Après la crise de la COVID-19, l’évidence de la coopération transfrontalière est encore plus grande. Pour l’analyser plus en profondeur, il faut d’abord voir la nature de la frontière, si elle est naturelle ou administrative, si elle permet de la mobilité ou non. Cette coopération peut d’ailleurs se résumer en trois étapes : la première consiste à faire sauter les obstacles matériels en ouvrant les barrières et en éliminant les droits de douane. En rendant la coopération possible en somme. Beaucoup de gens pensent que nous avons atteint une finalité en ouvrant les frontières, mais c’est là que les réels défis commencent et que le deuxième aspect de la coopération se met en place. Avec une frontière ouverte, les gens sont plus mobiles et peuvent constater plus facilement les différences juridiques de tout ordre entre les régions.

L’harmonisation européenne et surtout les compatibilités bilatérales permettent de régler ces difficultés pratiques. La troisième étape est celle que commencent à connaître l’Euregio Meuse-Rhin et la Grande Région : la nécessité de mettre en place des approches intégrées et des « grenzüberschreitende Verflechtungsräume » (espace intégrés transfrontaliers, ndlr).

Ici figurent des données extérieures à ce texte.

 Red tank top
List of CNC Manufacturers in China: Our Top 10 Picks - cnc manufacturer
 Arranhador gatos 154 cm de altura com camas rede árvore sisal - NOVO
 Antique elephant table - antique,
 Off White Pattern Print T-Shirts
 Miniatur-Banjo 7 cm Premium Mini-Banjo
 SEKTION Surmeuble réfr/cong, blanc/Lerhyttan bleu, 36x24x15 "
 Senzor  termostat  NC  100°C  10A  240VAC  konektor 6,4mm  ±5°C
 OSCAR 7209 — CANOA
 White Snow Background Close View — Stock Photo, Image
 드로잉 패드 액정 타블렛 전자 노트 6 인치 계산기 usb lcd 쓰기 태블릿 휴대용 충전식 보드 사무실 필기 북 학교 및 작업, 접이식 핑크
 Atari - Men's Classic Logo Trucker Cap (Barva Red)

Ce sont des problèmes difficiles à résoudre car il faut une culture particulière, des compétences spécifiques, des outils de coopération transfrontalière, voire même un cross-border mechanism, permettant d’appliquer sur un territoire frontalier le droit de son voisin. Des énormes chantiers sont encore devant nous, mais ces réflexions sont essentielles sur un continent aussi riche en frontières. Des structures comme le Comité des régions, la Mission Opérationnelle Transfrontalière française, la DG REGIO de la Commission européenne et l’ARFE que je préside sont des acteurs qui réfléchissent sur ces sujets. Par exemple, le Comité des régions vient de rendre un avis sur les services publics transfrontaliers ou de nombreuses choses restent à faire.

J’espère que nous pourrons valoriser ce travail lors du 50ème anniversaire de l’ARFE et je suis ravi de voir que le Comité des régions s’engage dans cette « troisième dimension » de l’intégration européenne, cette Europe des régions qui complète l’intégration des Etats européens. La subsidiarité active est un instrument de cohérence pour cette intégration européenne et nous poursuivons les travaux de la « Task Force Subsidiarité » créée en 2017 par le Président Juncker, notamment avec les « regional hubs ».

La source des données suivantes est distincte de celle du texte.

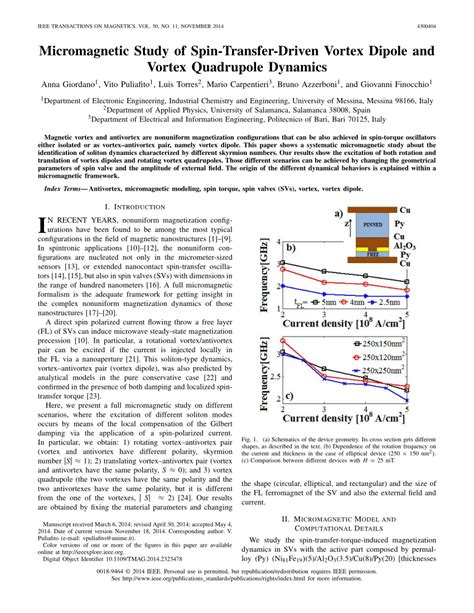 (PDF) Micromagnetic Study of Spin-Transfer-Driven Vortex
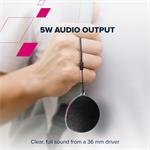 CANYON OnMove 13 5W čierny magnetický Bluetooth reproduktor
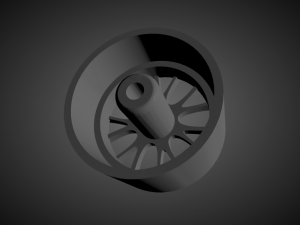 bbs ch-r rims with brakes and tires for hot wheels 3Dプリントモデル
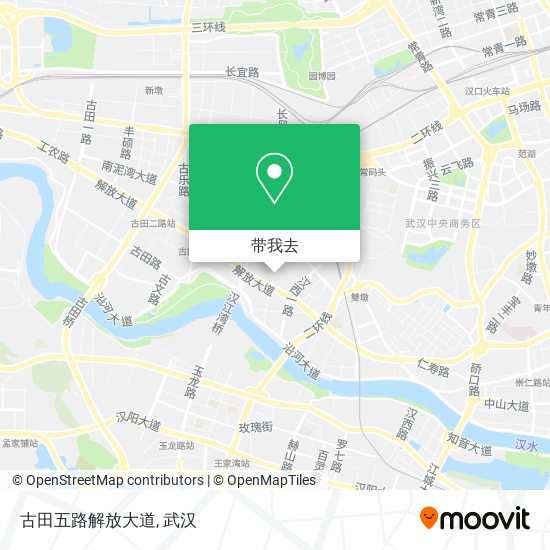 古田五路解放大道地图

Je l’ai dis dans de très nombreux discours : l’Union européenne ne se passe uniquement à Bruxelles, Luxembourg et Strasbourg, elle se sent sur place, là où vivent les gens, dans les collectivités territoriales ! Si nous parvenons à faire du million d’élus locaux de l’UE, dans les 100000 communes, 300 régions et les centaines d’autres structures intermédiaires, des partisans de la construction européenne, l’adhésion sera plus forte et nous pourrions mieux surmonter le fossé qui se creuse entre l’Europe et ses citoyens.